Involvement of cAMP/CREB system in the development of mice visual cortex. A, Precocious massive CRE-mediated gene expression in enriched mice. Brains of CRE-LacZ mice reared in SC and in EC at different ages (P10–P30) are shown. B, Quantification of the density of X-gal-positive cells (1 mm² field) for the SC (gray) and EC (black) animals at the indicated ages. Fields were chosen to sample layers II-VI of the binocular visual cortex. The circles represent average density ± SEM. Two-way ANOVA reveals no significant effect of environmental housing conditions (p = 0.389) but a significant effect of age (p < 0.001) and a significant interaction between age and environmental housing conditions (p < 0.001). Post hoc Tukey test showed a significant difference at P20 between EC and SC groups (p < 0.05). The asterisk indicates that the groups are statistically different.

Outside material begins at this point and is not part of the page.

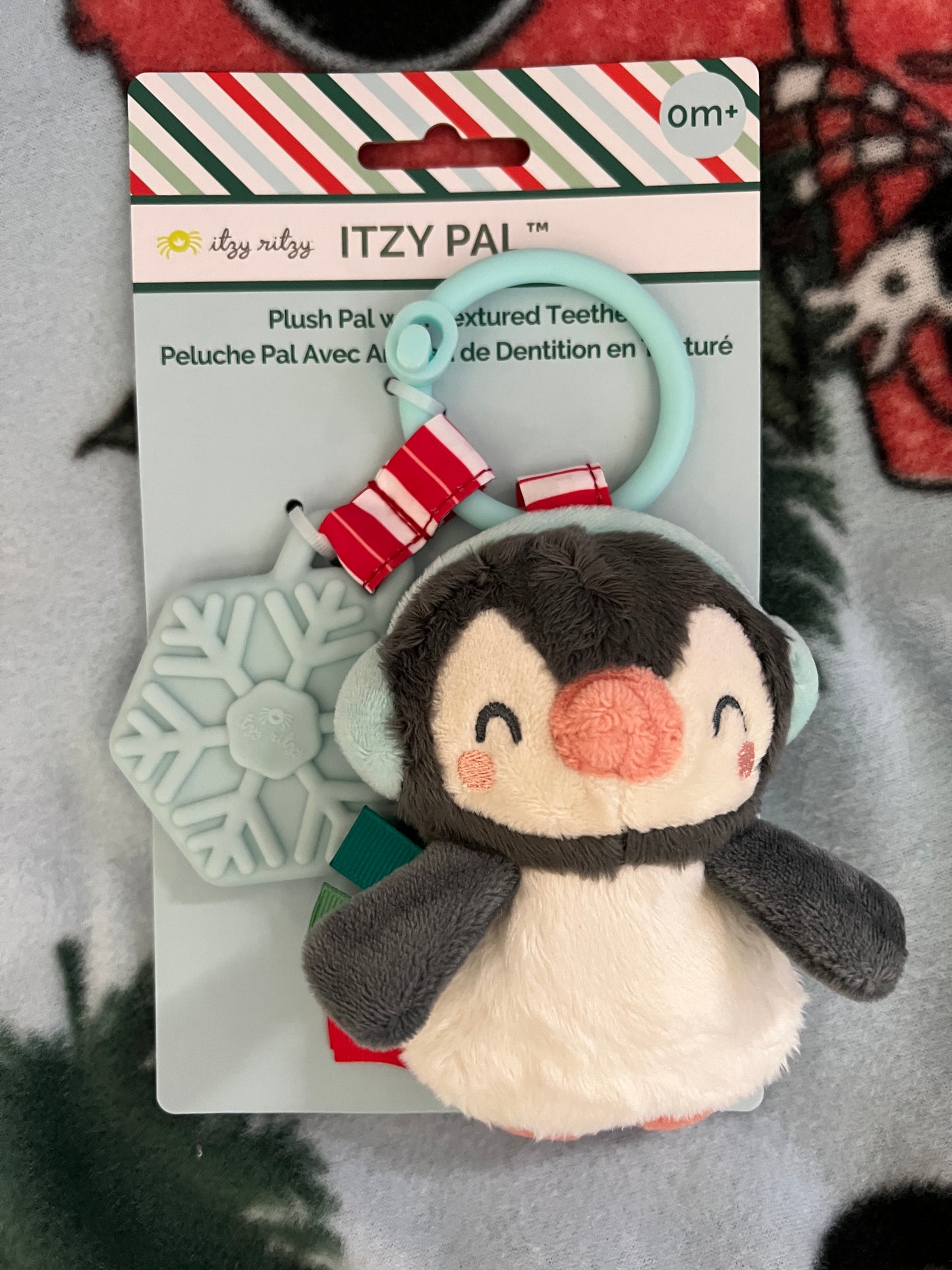 Holiday Penguin Itzy Pal Plush & Teether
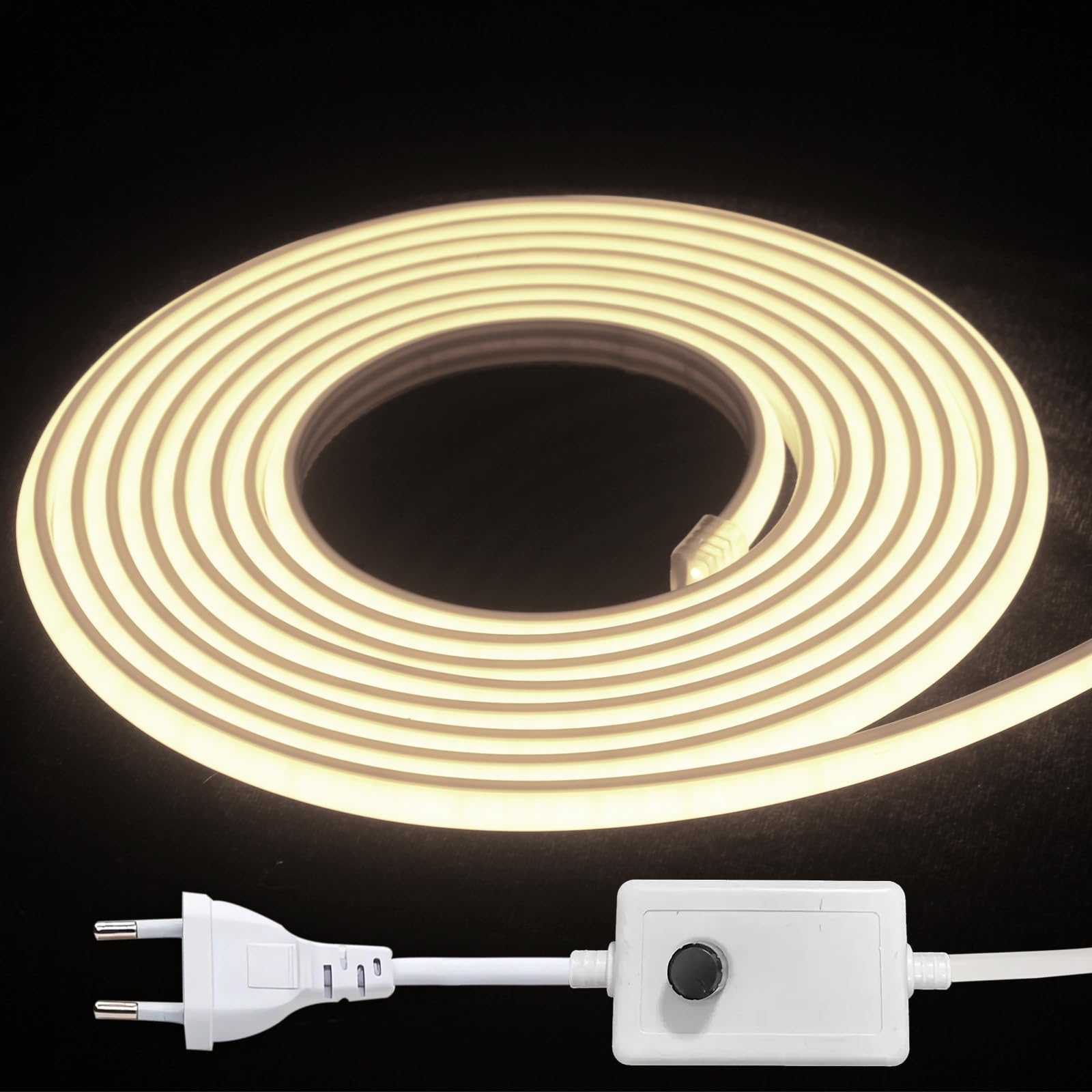 Ruban LED COB 220V IP65 avec Gradateur, Bande Flexible(3000K, 8M)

C, Activating the cAMP/CREB system with rolipram partially mimics the enriched environment effects on mice visual acuity development. Behavioral assessment of visual acuity in animals treated with the inhibitor of the phosphodiesterase type IV rolipram (dark gray) and vehicle (light gray) at different ages is shown. Visual acuity of animals is plotted as groups of age. Visual acuity of rolipram-treated animals is significantly different (*) from vehicle-treated mice at P25 (Kruskal–Wallis one-way ANOVA on ranks, p < 0.001; post hoc Student–Newman–Keuls test, p < 0.05). The bars indicate SEM.